All of the major pro sports leagues and the NCAA have been involved since 2011, when New Jersey voters first passed a referendum to allow sports wagering. The leagues have collectively sued New Jersey twice to stop it, once in 2012 and again in 2014. After New Jersey lost several times in lower courts, the Supreme Court surprised lawmakers by deciding to hear the case last summer as it hinted it may be willing to overturn the previous ruling.
NFL commissioner Roger Goodell has said the NFL ownership remains against sports betting expansion, even though the Raiders are moving to Las Vegas. Baseball commissioner Rob Manfred hedged on the issue last summer, saying if the laws changed, then baseball needed to be a part of creating safeguards.
"[All the leagues] are going to come to conclusion that this is part of the future. Why are we living in a fantasy world? You have $190 billion last year bet illegally in the U.S. on the major sports leagues and the NCAA," Christie said. "I think what it's all about is money, and in the end, they want a piece of the action. And if they wanted that, they should've negotiated with me a long time ago."
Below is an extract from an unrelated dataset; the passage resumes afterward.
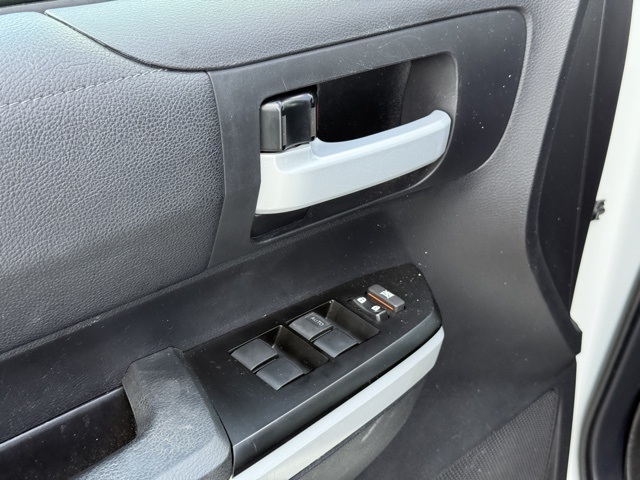2020 Toyota Tundra SR5 Grade photo 12
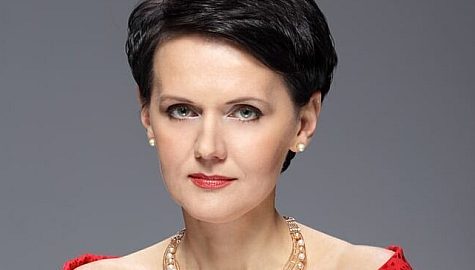 Olga pasiecznik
The NBA is looking to be a leader in the space, entering into strategic partnerships, opening the door to major casino sponsorships and seeing a number of owners invest directly into the sports betting industry.
"When it comes to sports gambling, the NBA is Secretariat in the Belmont compared to the other leagues," said gaming law expert Daniel Wallach, comparing the NBA's head start to the legendary horse's 31-length victory in 1973. "The NFL is still in the starters gate. The NBA is preparing for legalized widespread betting on its games and is ahead of the other leagues in positioning themselves to get a piece of the potential action."
MUCH LIKE THE NFL, the NBA and former commissioner David Stern were opposed to sports gambling for decades. In December 2012, as sports leagues were fighting their first lawsuit to halt sports wagering in New Jersey, Stern made the league's then-position clear in a deposition.
"[There's] a long list of reasons why we think it's best that there not be gambling in our games if we can help it," Stern said in 2012. "The one thing I'm certain of is that New Jersey has no idea what it's doing and doesn't care because all it's interested in is making a buck or two, and they don't care that it's our potential loss."
Last year Stern said: "Do I really have to explain to you why I don't want Chris Christie regulating our games?"
"When it comes to sports gambling, the NBA is Secretariat in the Belmont compared to the other leagues." Gaming law expert Daniel Wallach
Christie, who has been pressed by some to drop this case, always brushed off Stern's comments and the rest of the pro sports leagues' warnings.
"If I was worried about every slight I've taken over the last eight years, I wouldn't be able to stand up," Christie said. "He can say whatever he wants to say. In the end, we're right, and he's wrong."
In fact, there has been a strong and aggressive about-face by the NBA led by commissioner Adam Silver. In fall 2014, Silver penned an op-ed in the New York Times calling for the legalization of sports betting on a federal level. "The laws on sports betting should be changed," Silver wrote. "I believe that sports betting should be brought out of the underground and into the sunlight."
Silver's stunning proclamation came alongside the NBA's investment in FanDuel, a daily fantasy sports website that was considered gambling by many states' attorneys general.
Still, the NBA has remained a plaintiff against New Jersey because legalization would come without regulations the NBA wants in place. Silver prefers changing the federal laws and creating a unified commission that would set rules and oversee sportsbooks instead of a state-by-state approach. That is how sports betting is governed in countries where it's legal, such as Australia, where limits are placed on certain kinds of bets in order to lower the chance of match fixing.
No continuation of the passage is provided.